The three brothers then proceeded to print coins of Theodora, whom their murdered relatives were descended from. This action was consistent with the "official version" that the massacre was to be blamed on mutinous soldiers, rather than the victims' own family members. Most of the coins were generated at Constantine II's capital, Trier, indicating that he was the one responsible for designing and producing the coinage at the start, as well as convincing his brothers to do the same. Woods considered it to suggest that he was more sympathetic to Theodora's memory than his brothers, possibly because his wife may have been a granddaughter of Theodora.

In June 337, before he was named emperor, Constantine had already begun attempting to assert his seniority. He issued an order allowing the exiled bishop Athanasius to return to Alexandria, which was under the control of Constantius II, claiming to be carrying out the unfulfilled intentions of his father.

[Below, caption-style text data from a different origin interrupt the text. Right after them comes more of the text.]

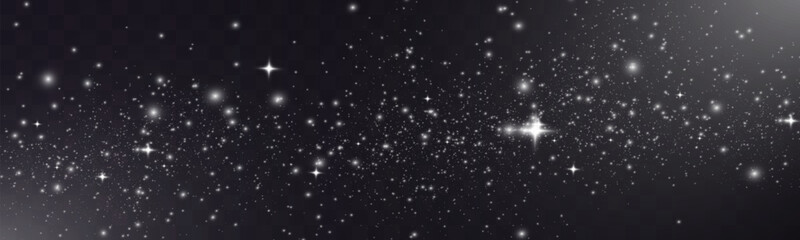 Wall Mural - bright glowing sparkles on a transparent background, resembling a starry or glittering effect.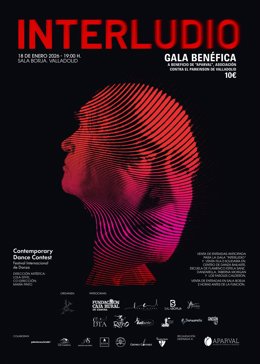 Cartel de la gala solidaria 'Interludio' que celebra el Festival Internacional de Danza Lola Eiffel en Valladolid.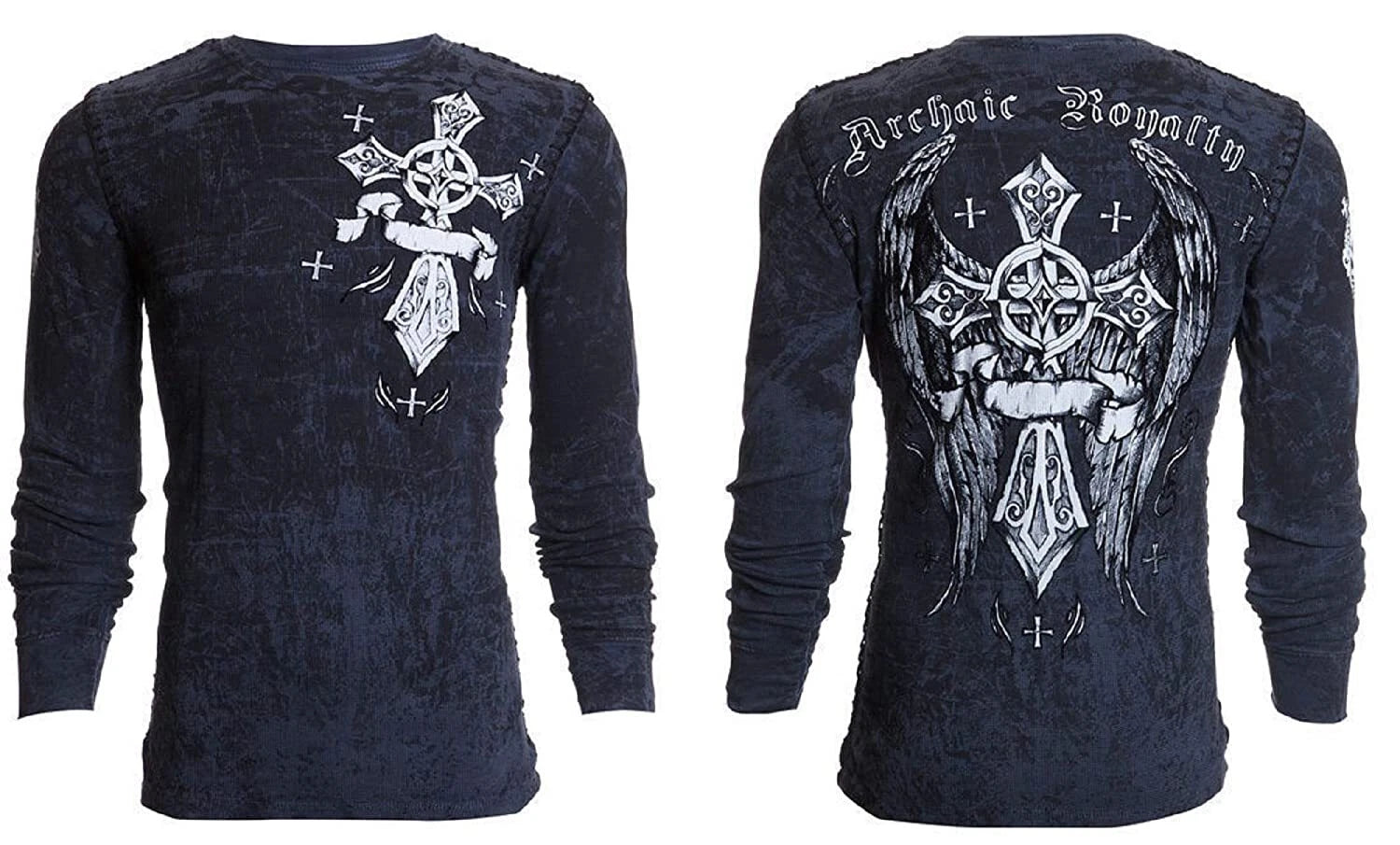 Archaic by Affliction Men's Thermal Shirt COUNTDOWN Wings Skull Biker Charcoal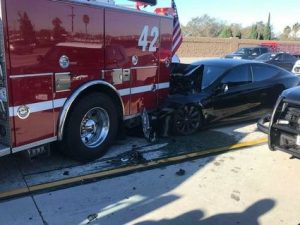 Image is a picture of the crash between a Tesla and Culver City Fire Department Fire Engine 42.  Curtesy of CCFD.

While Constantine's motives remain unclear, suggested explanations are that he truly believed in the bishop's innocence, wanted to get rid of a religious nuisance, or intended to cause trouble for Constantius, who would oust Athanasius from Alexandria only two years later.

=== Augustus ===

The three brothers were not named as Augusti until 9 September 337, when they gathered together in Pannonia and divided the Roman territories among themselves. Constantine received Gaul, Britannia and Hispania. Unlike his younger brothers, he gained little from Dalmatius's removal.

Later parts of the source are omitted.